'It will let me go soon...Just a little longer.' I flew across the sea bed, the shingle becoming my skin and bubbles coating my eyes. The surface gleamed deceptively bright above me, but daylight was too far away. The salt rushed in past lips pressed white, shrivelling my sluggish tongue. There wasn't any more time. My chest ached. My thoughts became water, slipping in and out. The beach did not come. I closed my eyes.
The Cornish coast had lodged itself in my head like a rusty hook. I felt drawn to the place I'd never been because my great grandparents' post-war love story was rooted there along with my softly lilting surname. It was romantic, a place where people were 'birds' and everyone was 'me 'andsome'. Black-market stockings were left forgotten on benches by lovers, town hall dances were filled with sailors from distant ports, and runaway milk carts escaped down rolling hills.

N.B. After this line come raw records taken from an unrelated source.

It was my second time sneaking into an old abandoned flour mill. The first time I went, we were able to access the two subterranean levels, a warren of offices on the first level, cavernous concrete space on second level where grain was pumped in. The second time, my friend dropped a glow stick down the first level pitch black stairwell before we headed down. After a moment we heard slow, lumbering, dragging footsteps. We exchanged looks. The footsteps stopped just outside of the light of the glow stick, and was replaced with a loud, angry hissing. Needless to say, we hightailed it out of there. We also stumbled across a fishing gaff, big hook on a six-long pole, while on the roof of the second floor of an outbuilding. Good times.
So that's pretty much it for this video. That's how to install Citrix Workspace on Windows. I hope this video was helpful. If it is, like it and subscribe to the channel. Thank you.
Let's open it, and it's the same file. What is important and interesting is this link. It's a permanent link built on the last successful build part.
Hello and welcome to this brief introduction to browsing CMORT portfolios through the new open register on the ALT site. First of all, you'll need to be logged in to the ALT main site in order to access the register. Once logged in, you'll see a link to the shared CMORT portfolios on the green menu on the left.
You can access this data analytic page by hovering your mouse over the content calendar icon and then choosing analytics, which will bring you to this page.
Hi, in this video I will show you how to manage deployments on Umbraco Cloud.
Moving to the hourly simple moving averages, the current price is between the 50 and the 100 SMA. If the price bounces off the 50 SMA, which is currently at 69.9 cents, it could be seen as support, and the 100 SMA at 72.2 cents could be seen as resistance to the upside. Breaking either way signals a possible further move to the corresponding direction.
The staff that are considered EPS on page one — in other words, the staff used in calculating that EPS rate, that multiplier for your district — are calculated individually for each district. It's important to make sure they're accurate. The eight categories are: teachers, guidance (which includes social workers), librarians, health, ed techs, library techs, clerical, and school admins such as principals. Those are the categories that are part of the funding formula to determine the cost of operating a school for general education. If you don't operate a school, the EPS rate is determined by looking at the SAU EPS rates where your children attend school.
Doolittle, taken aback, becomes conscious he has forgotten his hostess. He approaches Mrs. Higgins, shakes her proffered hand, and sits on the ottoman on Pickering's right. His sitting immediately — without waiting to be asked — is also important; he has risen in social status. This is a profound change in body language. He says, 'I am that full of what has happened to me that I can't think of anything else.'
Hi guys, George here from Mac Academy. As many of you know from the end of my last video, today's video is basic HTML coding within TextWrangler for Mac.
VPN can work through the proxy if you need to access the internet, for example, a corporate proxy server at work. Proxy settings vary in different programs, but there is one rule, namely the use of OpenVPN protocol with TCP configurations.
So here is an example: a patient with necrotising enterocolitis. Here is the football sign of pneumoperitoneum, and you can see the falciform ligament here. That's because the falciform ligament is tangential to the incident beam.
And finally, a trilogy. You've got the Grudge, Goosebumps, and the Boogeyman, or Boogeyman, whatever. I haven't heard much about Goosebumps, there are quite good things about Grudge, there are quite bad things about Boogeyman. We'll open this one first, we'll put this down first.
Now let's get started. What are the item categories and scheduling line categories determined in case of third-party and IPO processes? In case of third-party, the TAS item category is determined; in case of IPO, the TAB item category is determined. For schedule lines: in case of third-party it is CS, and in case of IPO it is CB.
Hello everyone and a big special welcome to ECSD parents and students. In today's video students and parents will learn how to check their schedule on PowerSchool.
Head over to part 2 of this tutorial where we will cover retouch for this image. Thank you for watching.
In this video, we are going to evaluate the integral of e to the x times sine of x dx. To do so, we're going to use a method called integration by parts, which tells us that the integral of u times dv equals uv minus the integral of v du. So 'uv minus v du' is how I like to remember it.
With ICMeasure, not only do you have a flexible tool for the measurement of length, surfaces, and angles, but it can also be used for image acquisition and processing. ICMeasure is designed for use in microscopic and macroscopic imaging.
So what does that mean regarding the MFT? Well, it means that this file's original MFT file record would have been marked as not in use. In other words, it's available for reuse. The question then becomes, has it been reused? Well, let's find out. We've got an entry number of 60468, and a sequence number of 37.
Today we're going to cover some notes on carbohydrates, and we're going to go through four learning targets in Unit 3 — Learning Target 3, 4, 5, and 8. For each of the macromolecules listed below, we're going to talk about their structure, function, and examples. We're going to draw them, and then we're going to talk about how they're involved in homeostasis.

My sister and I were eight when we visited. We were enchanted by stories of witches, smuggling pirates, daring fisherman and vengeful mermaids.There was an old castle that the sea claimed for half the day, dark wooden shacks filled with navy webs of nets strewn with shells like stars, cliff tops running with wild horses and quiet crawling rock-pools. I found treasure, collecting dried starfish, spotted cowrie shells and glass vials of rainbow sand. A mystic ring could even tell me what mood I was in just by wearing it. Golden pasties filled with steaming beef and thick yellow clotted cream. Wrinkling eyes and thick bouncing syllables that cooed in my ears.
The beach was a cove protected by tall cliffs and dashed with shards of black glistening rock. A splintered rope tempted visitors to clamber down, skidding in the dust towards a grainy beach. The waves wearily collapsed on the shore from their journey across the Atlantic, kicking up white jets that sprayed out in fans before them. We jumped over the rising crests and timed our launches so that the waves picked up our bodies and carried us to safety. My sister dived head first into the curled lip of a breaking wave just as the white froth descended on top of her. She resurfaced further out, spluttering the salt from her lungs before licking the briny taste of her lips.
The spell of the sea evaporated like mist as the water turned from emerald to grey. The sun abandoned us as the ocean held its breath, and the drum commanding the rhythmic rise and fall of the waves held a prolonged pause as we turned to face the horizon. An invisible mouth deep out in the Atlantic began to suck the shoreline back, ripping up the beach in loud seething inhalations. Small stones danced excitedly around bare feet, jumping up in a feverish ritual that sliced into shins. The water impatiently pushed through us to reach cooler depths, coaxing our ankles out with it in persuasive whispers. There was no time to escape. The sky shrank away as a towering wave surged towards us.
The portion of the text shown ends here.